## Exercise material

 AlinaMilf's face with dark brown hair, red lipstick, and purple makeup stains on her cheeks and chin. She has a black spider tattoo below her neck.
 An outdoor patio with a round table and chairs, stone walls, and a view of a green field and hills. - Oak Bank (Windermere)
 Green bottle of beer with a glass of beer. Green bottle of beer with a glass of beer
* * *
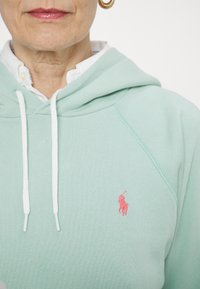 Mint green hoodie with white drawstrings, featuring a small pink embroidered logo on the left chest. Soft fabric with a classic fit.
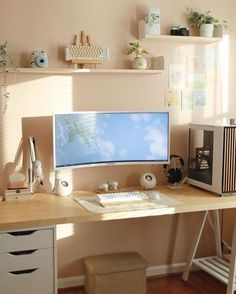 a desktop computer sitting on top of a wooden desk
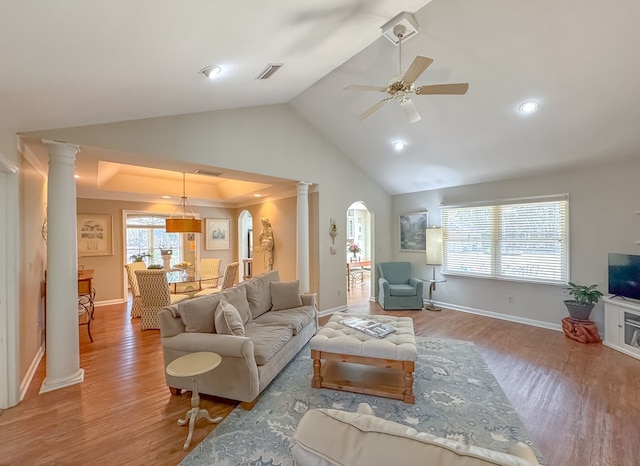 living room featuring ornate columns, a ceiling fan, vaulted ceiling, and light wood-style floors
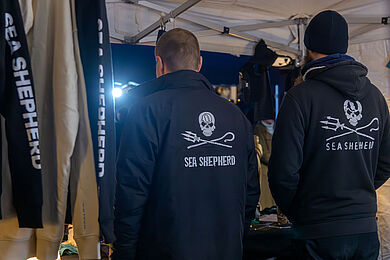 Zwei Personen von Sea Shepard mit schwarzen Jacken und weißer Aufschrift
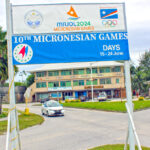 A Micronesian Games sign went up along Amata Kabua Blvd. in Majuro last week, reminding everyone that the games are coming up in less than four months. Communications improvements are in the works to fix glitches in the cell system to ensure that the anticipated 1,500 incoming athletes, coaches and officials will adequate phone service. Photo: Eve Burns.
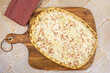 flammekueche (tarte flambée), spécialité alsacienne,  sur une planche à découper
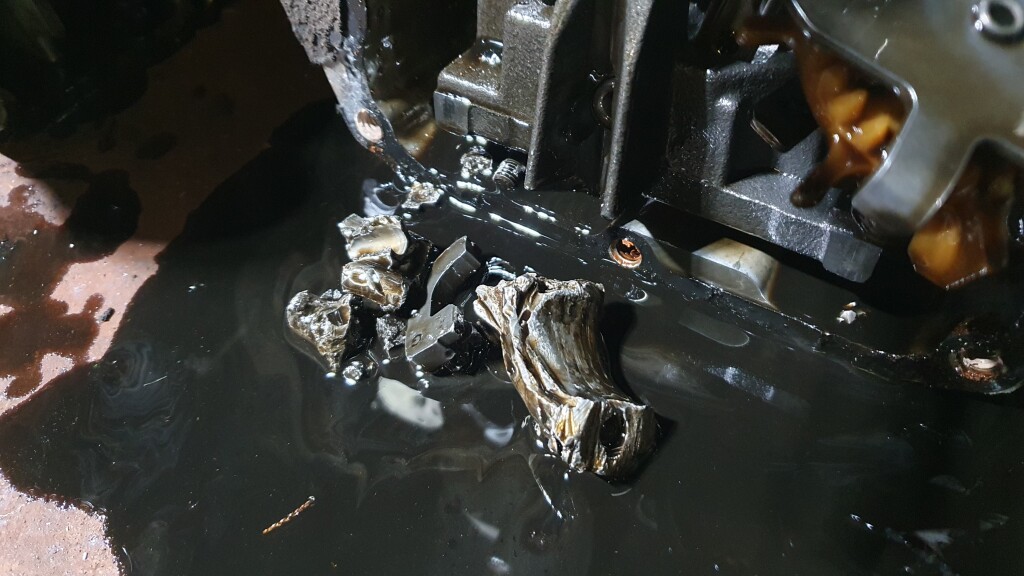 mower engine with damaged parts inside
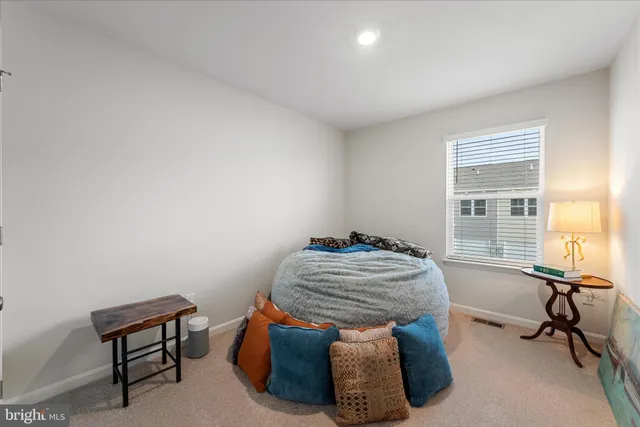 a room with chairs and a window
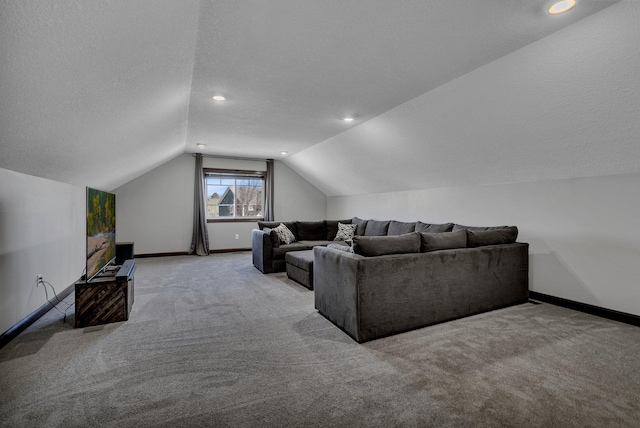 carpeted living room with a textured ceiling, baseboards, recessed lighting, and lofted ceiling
==
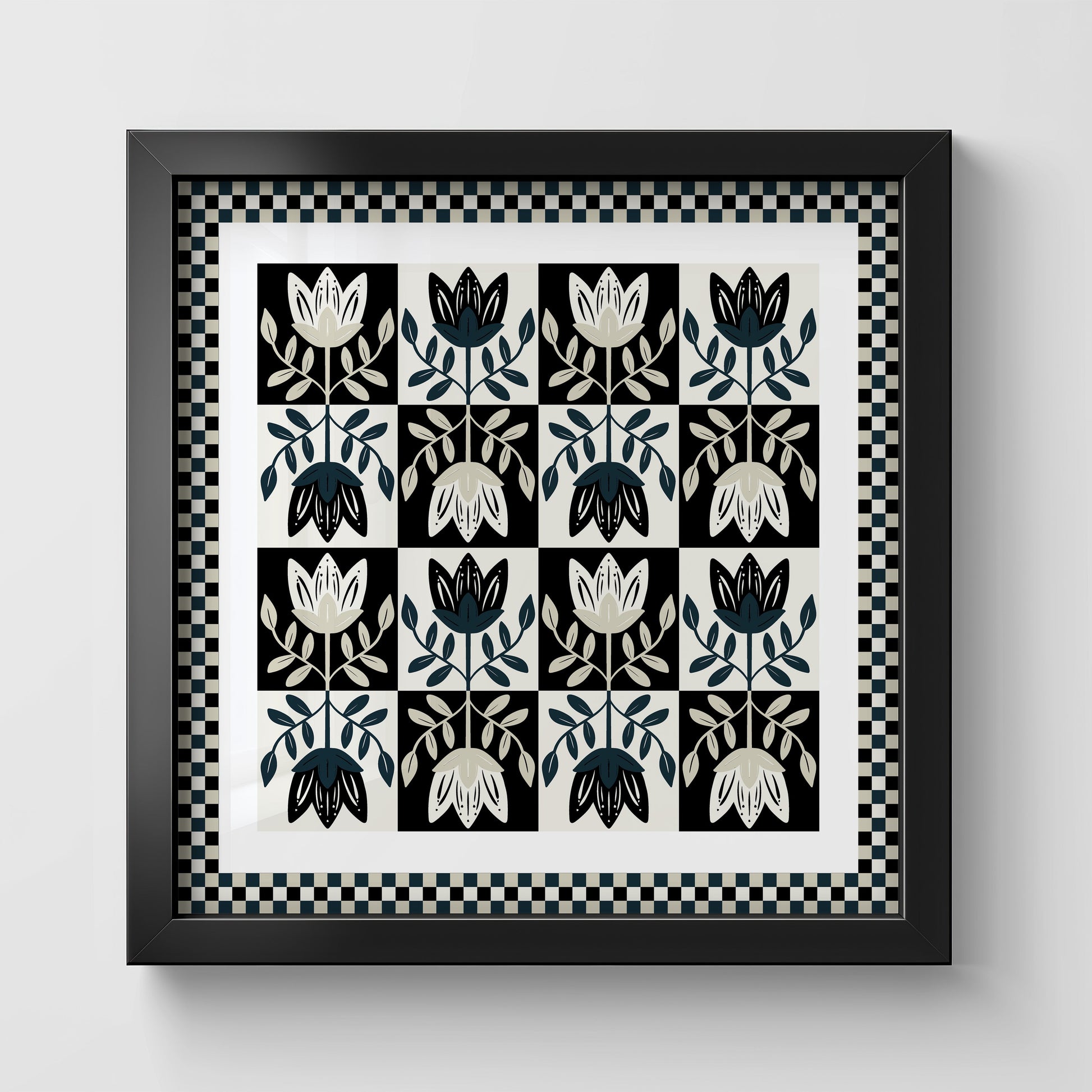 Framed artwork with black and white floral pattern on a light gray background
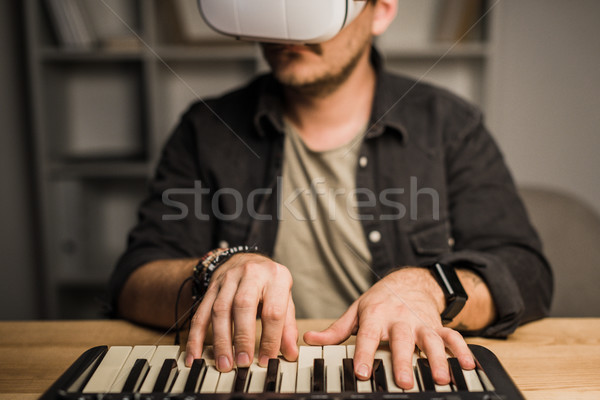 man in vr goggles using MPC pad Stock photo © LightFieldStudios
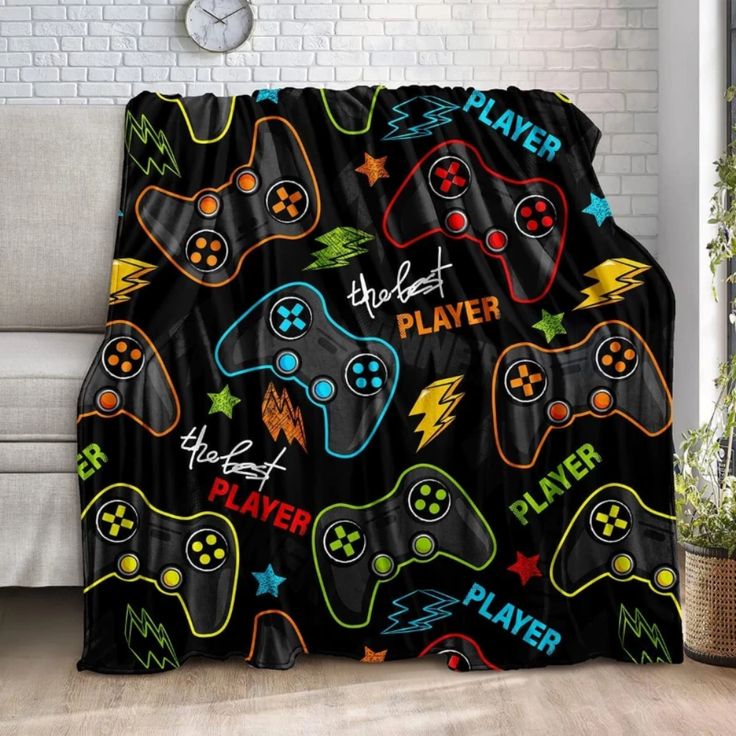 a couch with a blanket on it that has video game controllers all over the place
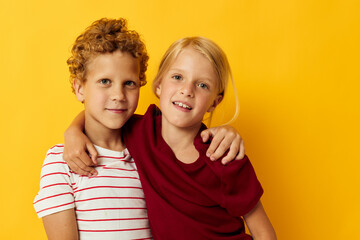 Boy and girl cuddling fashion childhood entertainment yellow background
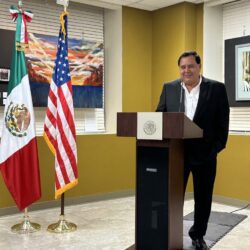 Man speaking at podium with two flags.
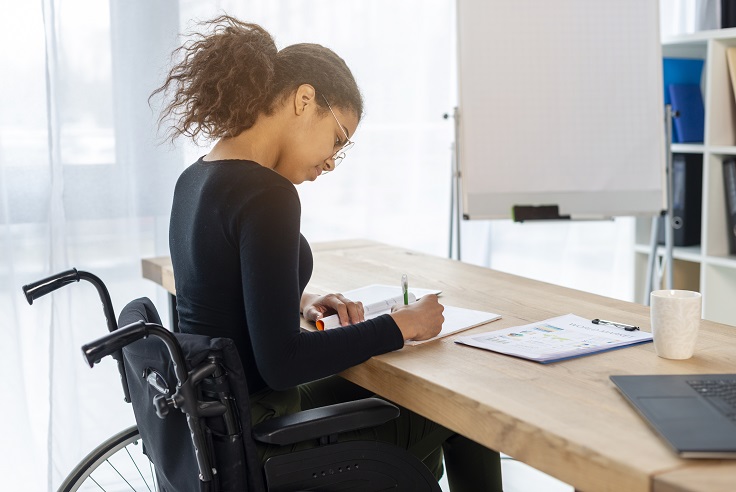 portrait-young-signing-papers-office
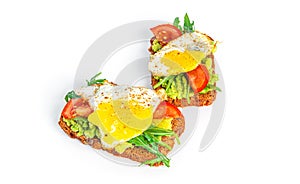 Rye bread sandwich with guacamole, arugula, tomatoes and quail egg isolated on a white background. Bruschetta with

## Task
In the entries above, find the line containing "A Micronesian Games" and the line containing "mower engine with damaged parts inside", then copy both and every line between them exactly, without any picture.

## Answer to this task
 A Micronesian Games sign went up along Amata Kabua Blvd. in Majuro last week, reminding everyone that the games are coming up in less than four months. Communications improvements are in the works to fix glitches in the cell system to ensure that the anticipated 1,500 incoming athletes, coaches and officials will adequate phone service. Photo: Eve Burns.
 flammekueche (tarte flambée), spécialité alsacienne,  sur une planche à découper
 mower engine with damaged parts inside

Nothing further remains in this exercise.